Mmmph...blahurg?
See, I'm really more of a mind to do me some cartooning, but at the moment all of my software tools are locked away on some other distant hard drive, awaiting recovery. So there's that.
But: this past weekend. San. Fran. Cisco. Love that town. Traipsed about the place with the Mountain Madman. Consumed significant amounts of martini. Watched other people watch football. Got into an increasingly inebriated conversation with Dave the bartender, who knows how to green up a business and also makes a fine martini, all proper with a spoon through the ice krosh-krosh-krosh which melts said ice in just the right way, taking the edge off of things and smoothing them up proper.
And realized, finally: intention's the thing. So I intend to do something. But I can't tell you what it is.
Color me coy and smack my bottom.
Ooo!
Anyway, I am a bit put off by my sudden lack of graphical tools. But that'll be remedied tomorrow, and I can get around to posting random images for your enjoyment.
I've been thinking about selling my trike. Yes, this one. It's worth...what's the technical term...ah, yes: a shitload of money. But beyond that, it was a pedal-powered tri-wheeled crucible. That thing hauled my maniacally depressed ass across the entire states of Virginia and Oregon, as well as into the hearts of Kentucky and California. And I, in turn, hauled its steel-tubed carcass from Kentucky to the Pacific Ocean. It began its life in Australia, so it's better traveled than I am. It's an aero-nosed home away from home, and there's not really a price on that, not yet.

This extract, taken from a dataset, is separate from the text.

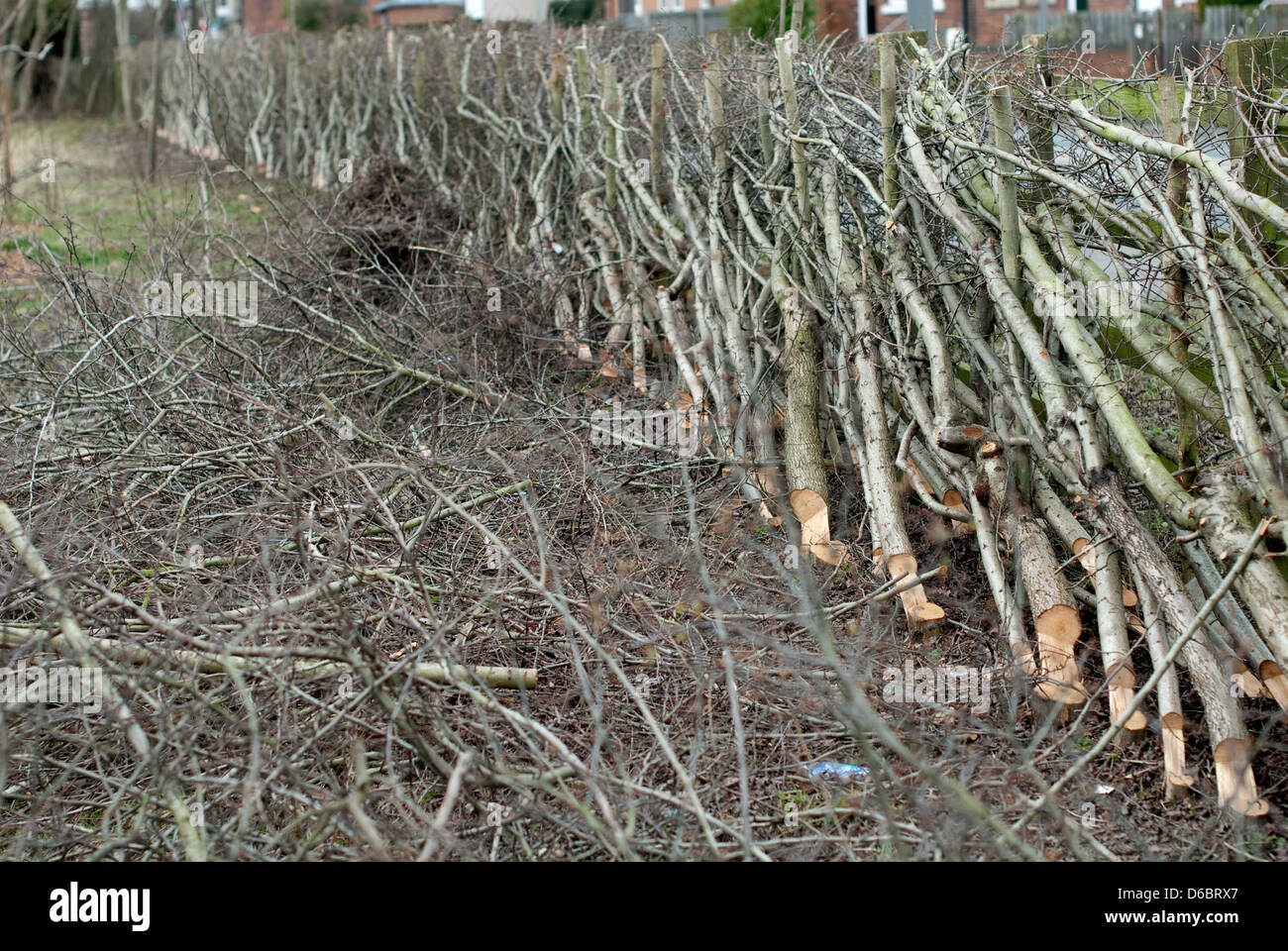 image showing recently cut hawthorn hedge with hedge layering Stock Photo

This evening I totaled up what it cost me, and priced it out according to the current used trike market, and then started thinking about putting the new tires on it. It came equipped with slick Scorchers, but I traveled on Primo Comets, which are better suited for long haul triking, and they served me well. That means that I still have a shiny new set of tires, though, designed for zipping around with the speedy whoosh! that only slicks can provide, and Scorchers are as slick as they come. I thought about those new tires, and about polishing up the trike's frame in preparation for its sale, and taking some fine steel wool to the rotors of the disk brakes that once got so hot they threw tiny dabs of molten brake pad onto the backs of my hands as I careened down the switchbacks into Vesuvius, Virginia. And I realized, by the gods, that right there is a vehicle with history, and meaning. Yeah, it's a material thing, and it's worth a wad of cash, and it cost even more wads of cash when I bought it new. But it is a Space Blue, chain-driven, Lexan-faired representation of my intention. No, I didn't make my 5,000 mile leg-powered journey in its entirety. Yes, I was fairly close to miserable for much of my time on the road. But it was a thing I did, a journey I set out on, that wrenched me out of a black rut that was miles deep and years long, and--except for the parts where its hub exploded--that trike bore me through it all. I'll be damned if I let someone else take her now, for any amount of money.
Which is an incredibly impractical decision, and that, in turn, is what the machine embodies. The lure of the impractical, the keen shiny flare of the ridiculous and the romantic. It's all one big happy tadpole of a windmill tilt, and it's mine. Mine, I say! So this weekend after I've trimmed errant branches from trees around my mom's house I'll be swapping out her tires, greasing her nine-foot chain (mmm, that sounds...uh, moving on), replacing her brake pads and applying liberal amounts of bike polish to her long-neglected powdercoat.
Hell, I might even go for a ride.
To intention! And the defeat of crass happenstance.








Hear hear. They can pry that trike out of your cold, etc.